Crawled caption data
# # # # #

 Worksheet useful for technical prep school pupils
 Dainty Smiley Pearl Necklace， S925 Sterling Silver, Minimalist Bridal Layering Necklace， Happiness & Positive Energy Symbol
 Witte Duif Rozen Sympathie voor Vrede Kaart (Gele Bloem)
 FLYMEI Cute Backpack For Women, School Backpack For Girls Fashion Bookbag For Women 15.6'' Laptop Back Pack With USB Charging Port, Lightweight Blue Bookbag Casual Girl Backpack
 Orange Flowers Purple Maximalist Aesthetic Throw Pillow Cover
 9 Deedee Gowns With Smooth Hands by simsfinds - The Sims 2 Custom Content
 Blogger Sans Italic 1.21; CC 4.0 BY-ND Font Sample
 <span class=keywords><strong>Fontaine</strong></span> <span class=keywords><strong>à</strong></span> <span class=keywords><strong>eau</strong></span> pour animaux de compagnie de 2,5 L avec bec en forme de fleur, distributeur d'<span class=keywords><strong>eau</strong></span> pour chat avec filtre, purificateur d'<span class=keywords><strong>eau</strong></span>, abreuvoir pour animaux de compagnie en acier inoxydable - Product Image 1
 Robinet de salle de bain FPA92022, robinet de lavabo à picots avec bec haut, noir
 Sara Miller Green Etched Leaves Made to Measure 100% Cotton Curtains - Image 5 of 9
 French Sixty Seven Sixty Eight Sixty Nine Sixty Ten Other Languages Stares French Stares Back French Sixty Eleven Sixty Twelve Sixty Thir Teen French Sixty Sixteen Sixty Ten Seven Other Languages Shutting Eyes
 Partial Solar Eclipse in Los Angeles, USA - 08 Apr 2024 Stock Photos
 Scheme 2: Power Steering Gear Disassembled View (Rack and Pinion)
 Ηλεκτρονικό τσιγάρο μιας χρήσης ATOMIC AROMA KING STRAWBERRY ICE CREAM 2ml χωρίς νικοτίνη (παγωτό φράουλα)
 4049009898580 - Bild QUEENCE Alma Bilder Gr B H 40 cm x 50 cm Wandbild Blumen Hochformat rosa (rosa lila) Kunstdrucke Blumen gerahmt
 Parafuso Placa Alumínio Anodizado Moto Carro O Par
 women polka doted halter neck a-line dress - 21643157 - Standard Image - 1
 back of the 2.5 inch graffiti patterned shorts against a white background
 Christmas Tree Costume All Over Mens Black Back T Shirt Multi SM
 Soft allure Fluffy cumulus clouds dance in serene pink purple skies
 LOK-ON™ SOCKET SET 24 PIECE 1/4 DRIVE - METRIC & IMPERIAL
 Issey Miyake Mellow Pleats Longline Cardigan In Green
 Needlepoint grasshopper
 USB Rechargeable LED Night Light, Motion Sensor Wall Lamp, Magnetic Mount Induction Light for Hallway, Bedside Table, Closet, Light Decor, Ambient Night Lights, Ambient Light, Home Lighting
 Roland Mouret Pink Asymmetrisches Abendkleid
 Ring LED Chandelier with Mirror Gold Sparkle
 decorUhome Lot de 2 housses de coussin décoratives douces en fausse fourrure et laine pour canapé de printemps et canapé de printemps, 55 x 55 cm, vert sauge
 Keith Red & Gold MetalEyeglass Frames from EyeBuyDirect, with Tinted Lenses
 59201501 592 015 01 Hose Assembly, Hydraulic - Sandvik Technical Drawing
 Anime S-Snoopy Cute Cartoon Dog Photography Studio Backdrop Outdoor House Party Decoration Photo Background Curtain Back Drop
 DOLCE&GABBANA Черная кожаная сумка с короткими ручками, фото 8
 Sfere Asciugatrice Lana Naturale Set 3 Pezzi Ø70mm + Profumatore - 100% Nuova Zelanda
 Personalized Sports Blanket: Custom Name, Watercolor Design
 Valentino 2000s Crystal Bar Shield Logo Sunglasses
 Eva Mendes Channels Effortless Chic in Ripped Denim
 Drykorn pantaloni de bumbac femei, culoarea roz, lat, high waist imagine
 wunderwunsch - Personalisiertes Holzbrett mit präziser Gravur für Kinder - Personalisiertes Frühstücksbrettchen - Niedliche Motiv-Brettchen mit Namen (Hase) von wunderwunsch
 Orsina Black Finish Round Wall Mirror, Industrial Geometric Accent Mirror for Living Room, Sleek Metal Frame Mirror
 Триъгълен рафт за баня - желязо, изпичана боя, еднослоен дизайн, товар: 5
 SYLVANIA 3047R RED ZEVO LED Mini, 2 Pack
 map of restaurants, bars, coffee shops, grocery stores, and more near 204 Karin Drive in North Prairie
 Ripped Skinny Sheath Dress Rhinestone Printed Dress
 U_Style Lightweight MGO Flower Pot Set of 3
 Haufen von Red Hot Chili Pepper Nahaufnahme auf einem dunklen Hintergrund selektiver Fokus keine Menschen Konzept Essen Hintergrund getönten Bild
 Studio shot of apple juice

# # # # #

Assignment:
There is a line with "wunderwunsch - Personalisiertes" and a line with "Триъгълен рафт за" above. Copy exactly those two lines and all lines between them, with nothing else.

Solution:
 wunderwunsch - Personalisiertes Holzbrett mit präziser Gravur für Kinder - Personalisiertes Frühstücksbrettchen - Niedliche Motiv-Brettchen mit Namen (Hase) von wunderwunsch
 Orsina Black Finish Round Wall Mirror, Industrial Geometric Accent Mirror for Living Room, Sleek Metal Frame Mirror
 Триъгълен рафт за баня - желязо, изпичана боя, еднослоен дизайн, товар: 5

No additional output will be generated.